There may not be a single correct answer. We are grading whether your reasoning is reasonable and aware of limitations.

These questions are written unless a video response is specified.


**Rubric**

[6pt] Clear understanding of the question; reasonable assumptions; thoughtful reasoning that acknowledges tradeoffs and limitations; clear, concise communication in a conversational but professional tone (for speaking: clear pace, volume, and articulation).

[3pt] Basic understanding but shallow reasoning or unclear assumptions; communication is somewhat unclear, overly verbose, or overly informal/formal.

[0pt] Minimal, unclear, or incorrect response; poor communication or unprofessional tone.

## 1.
When should you use `pandas` versus just read in a csv?

## 2.
If this dataset suddenly grew by 10000×, which parts of your analysis pipeline would fail first? (Hint: Consider your hardware constraints.)

## 3.
Assume some fraction of reports are adversarially fabricated (meaning: someone submitted fake UFO reports on purpose). How does that change your analysis?

## 4.
How would incorrect timezone handling distort downstream statistical conclusions?

## 5.
Now, link to a video (1 min. max) of yourself answering the following question: What kind of selection bias do you think is present in this web-based UFO dataset?

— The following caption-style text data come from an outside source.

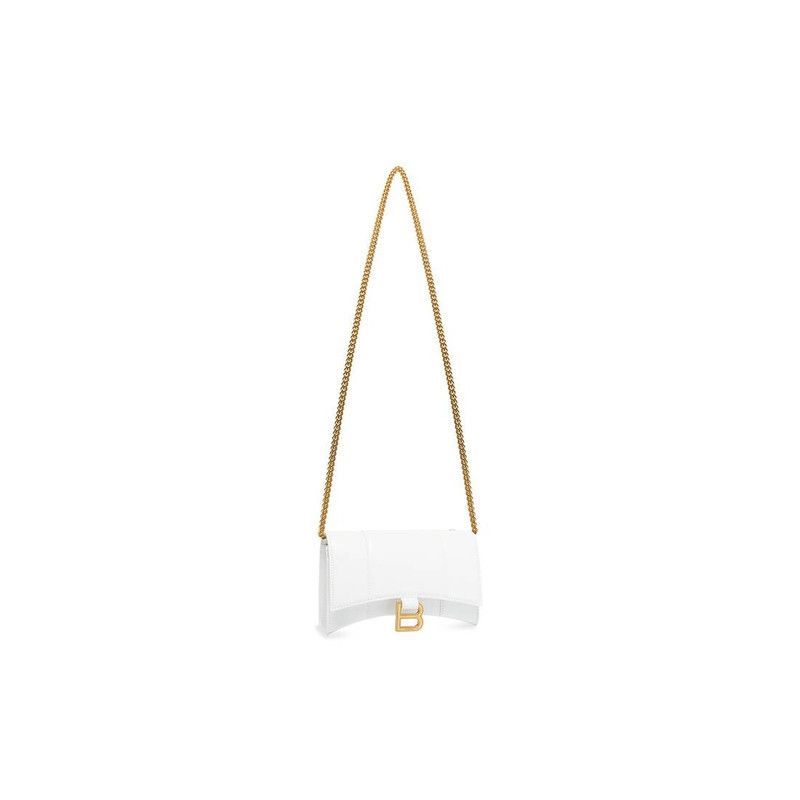 Balenciaga o1la1rc1a0226 Size: OS / Hourglass Wallet On Chain Box White Size ONE SIZE - 2 Thumbnail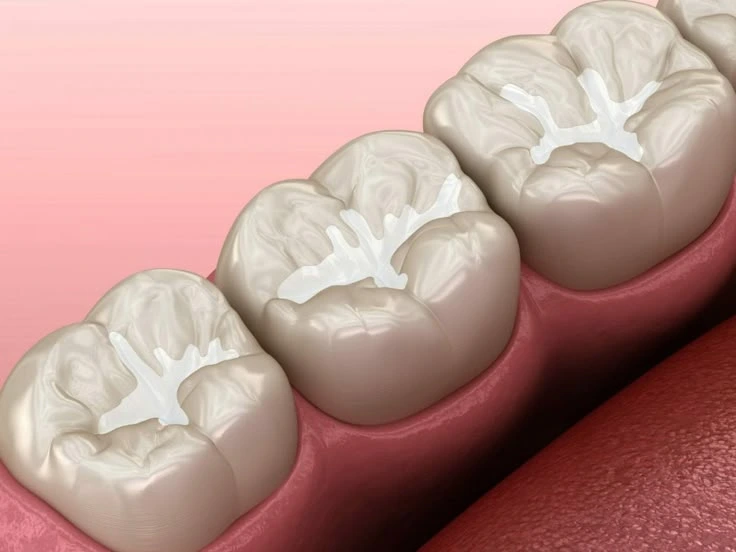 Dental professional examining a patient's teeth
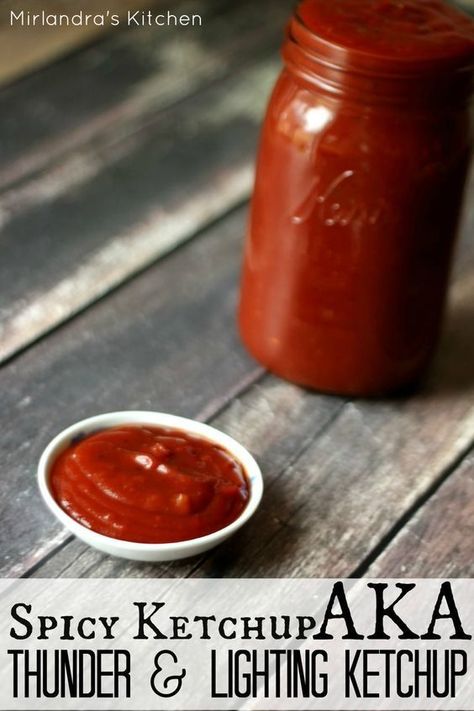 This spicy ketchup is flavorful and not too spicy.  It is easy to make and a fun addition to ribs, meatloaf, roasted chicken and so many more staples. Spicy Ketchup Recipe, Chicken Mushroom Recipe, Creamy Chicken Mushroom, Delicious Sauces, Diy Condiments, Easy Creamy Chicken, Spicy Ketchup, Ketchup Recipe, Chicken Mushroom Recipes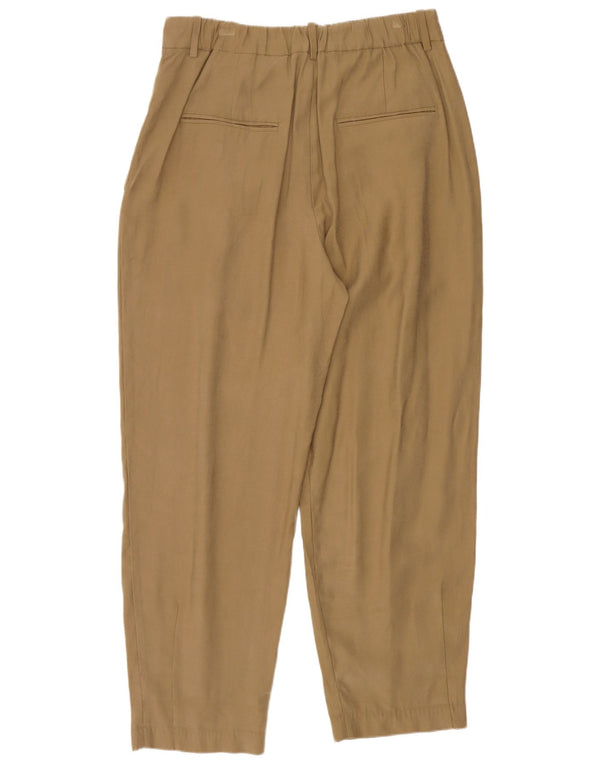Pantaloni chino pentru femei Zara Medium L28 L26 Kaki Viscoza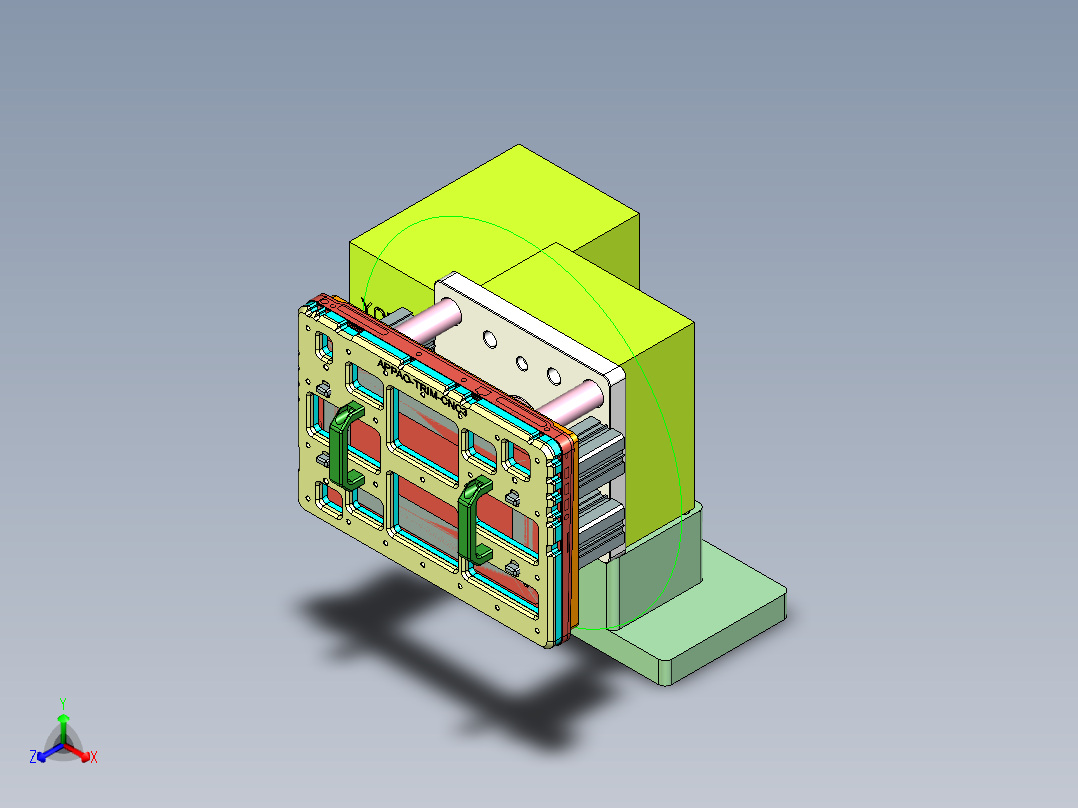 AAPA0-TRIM-笔记本CNC工装夹具三维模型CNC3-20150303正等轴测图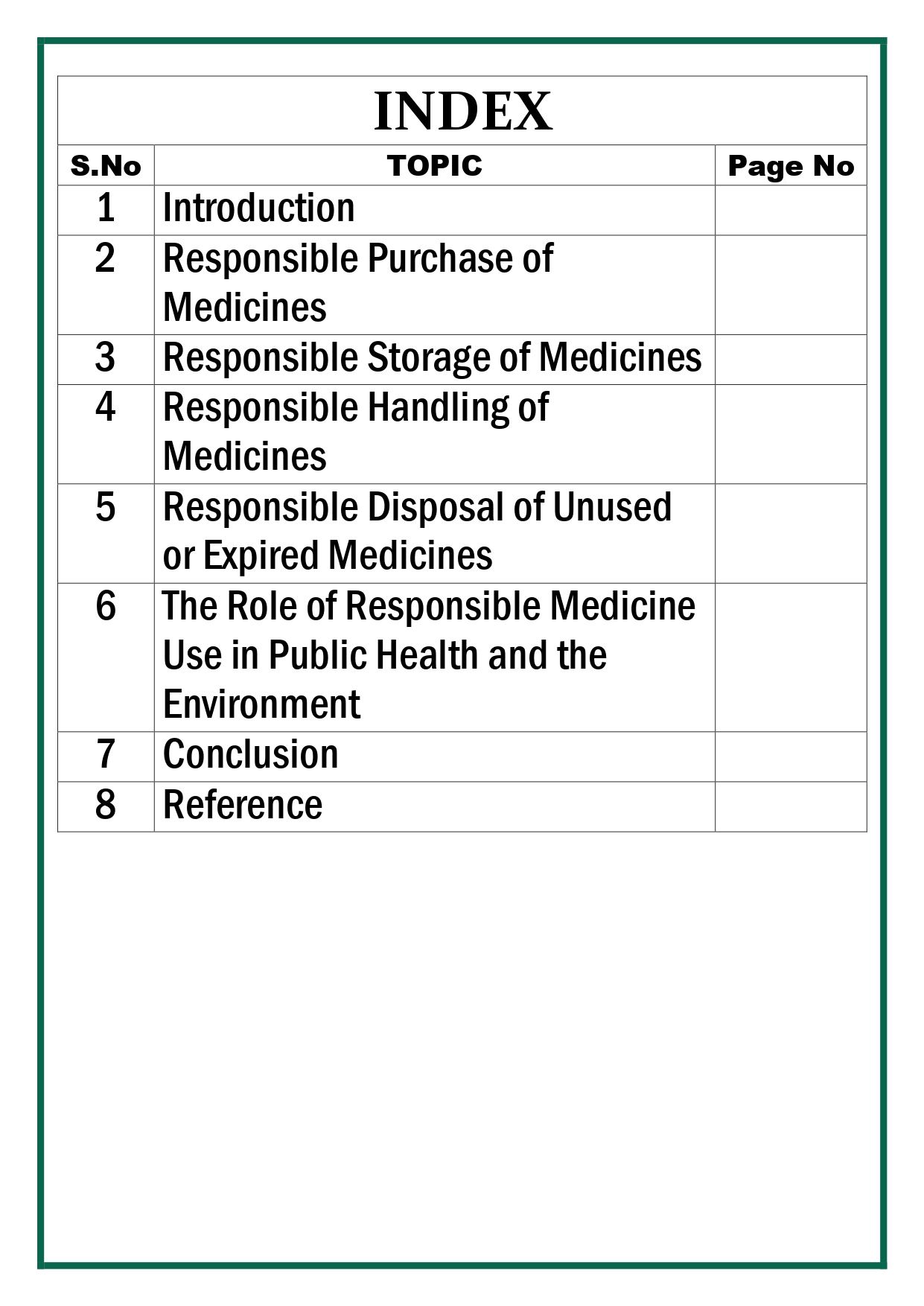 Responsible Use of Medicines: From Purchase to Disposal Assignment - Image 4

Make sure to end on a follow-up question for the interviewer -- e.g., *So, to get some more context, are you thinking about this for a Speech AI application like Siri?*

# D [2pts]. What new questions do you have?
We want you to think bigger! Tell us what questions and curiosity this homework brings up for you.

**Rubric**

[2pt] Complete, thoughtful response.

[1pt] Partial response.

[0pt] Minimal response.

# 1.
What new questions do you have about data cleaning and exploratory data analysis (in general) after this homework? Or, what topics are you curious about now? List at least 3.